Already this year, bankers have faced changes to regulations impacting mortgage lending, credit card disclosures and check processing. Here's what else is on the regulatory agenda for 2010.
In June, a new rule takes effect requiring banks to have policies and procedures in place to block transactions prohibited under the Unlawful Internet Gambling Enforcement Act. Among other things, the rule requires banks to obtain certifications from commercial depositors testifying to compliance with the law.
By July, banks must have policies and procedures in place to improve the accuracy of information reported to credit rating agencies. They must also have a process in place that allow for investigation of errors when consumers raise complaints about their credit reports.

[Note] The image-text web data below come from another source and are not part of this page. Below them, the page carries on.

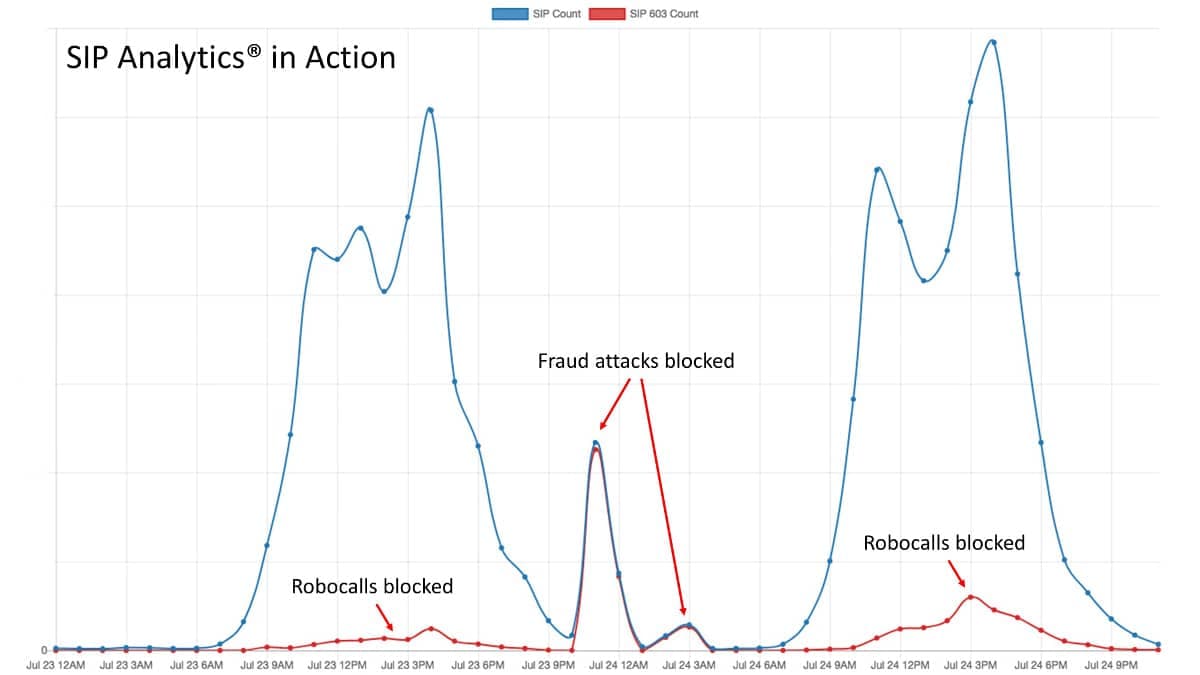 Line chart showing how quickly SIP Analytics reacts to a fraud attack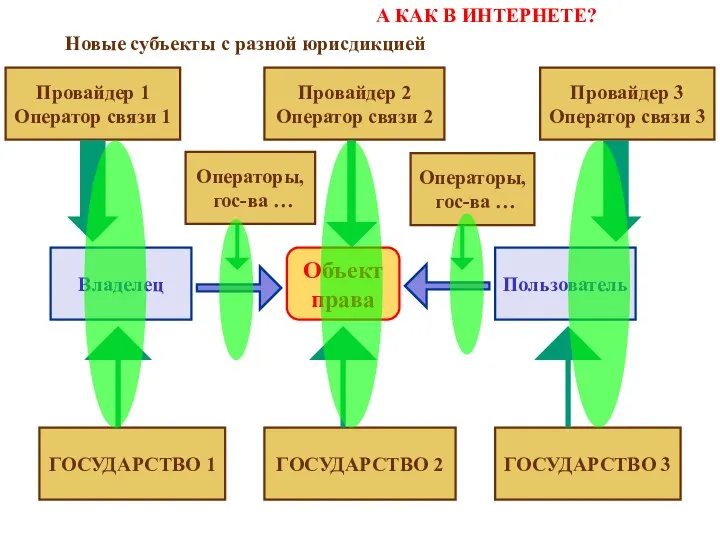 Объект права Владелец Пользователь ГОСУДАРСТВО 1 А КАК В ИНТЕРНЕТЕ? ГОСУДАРСТВО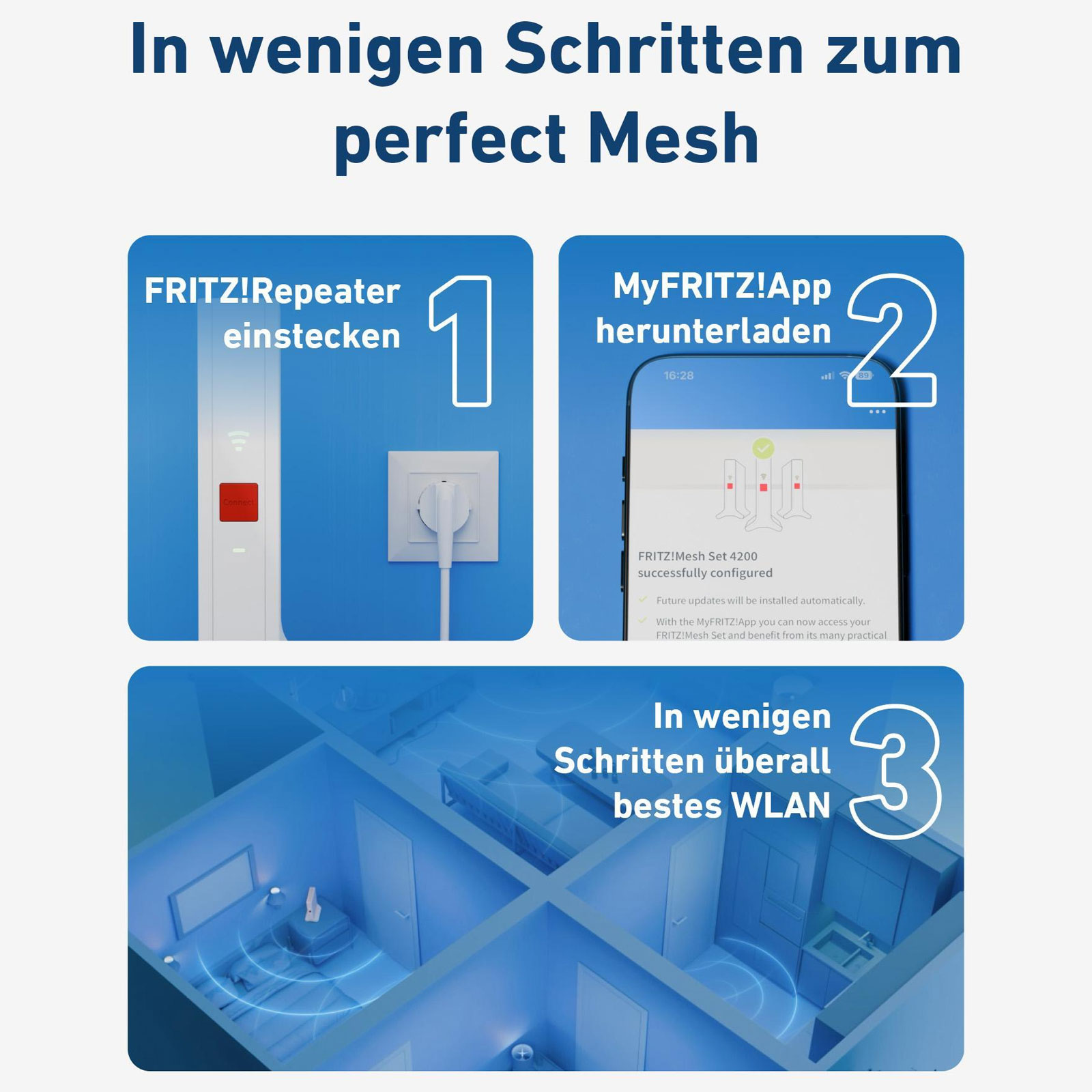 Fritz!Mesh Set 4200 2er-Set Repeater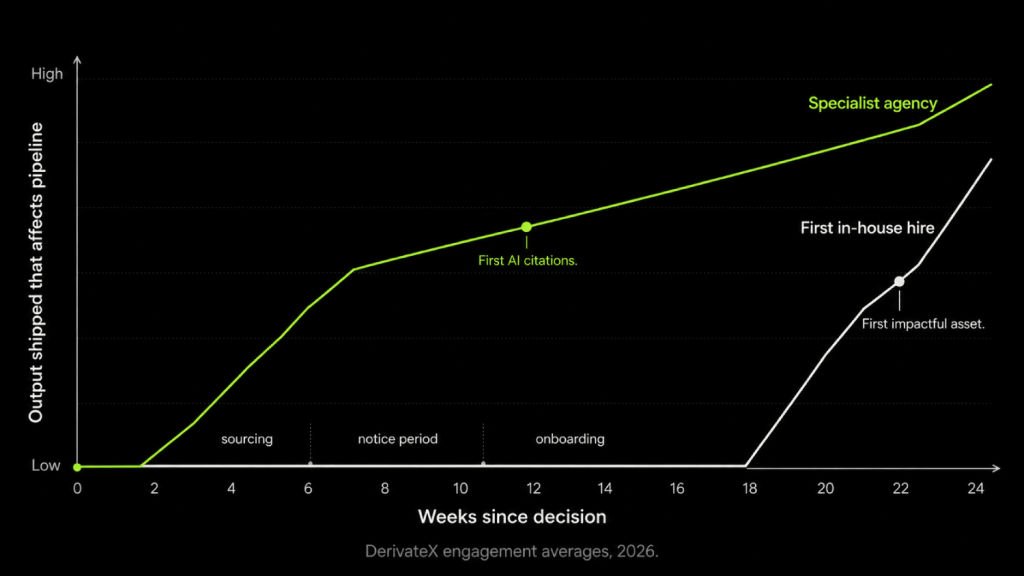 B2B SaaS SEO Agency vs In-House Hire: The Real Decision in 2026 7 How fast can an SEO agency actually start vs hiring 1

Also in July, banks will be required to abide by new rules covering overdraft fees. Banks will need to obtain opt-in confirmations from customers agreeing to pay a fee to overdraw their account. The new rulesalso require banks to allow customers to opt out of participation in the program at any time.
Though the final implementation date is not clear, the comment period has ended for new regulations proposed by the Department of Housing and Urban Development for registration and licensing of mortgage loan originators.
The Federal Reserve Board is altering its Regulation Z, which implements the Truth-in-Lending Act, to require changes in the disclosures customers receive in credit card solicitations and in documents delivered on the opening of an account.
Changes are also in the cards for the Fed's Regulation AA, the central bank's rule regulating Unfair or Deceptive Acts or Practices. The pending changes would, among other things, restrict banks' ability to change the interest rate on credit card balances and change the way payments are applied to existing balances.
New Privacy Forms
As of yearend, banks will be required to adopt the new model privacy form created by regulators under the Financial Services Regulatory Relief Act of 2006, providing customers with a simplified chart outlining privacy practices and procedures.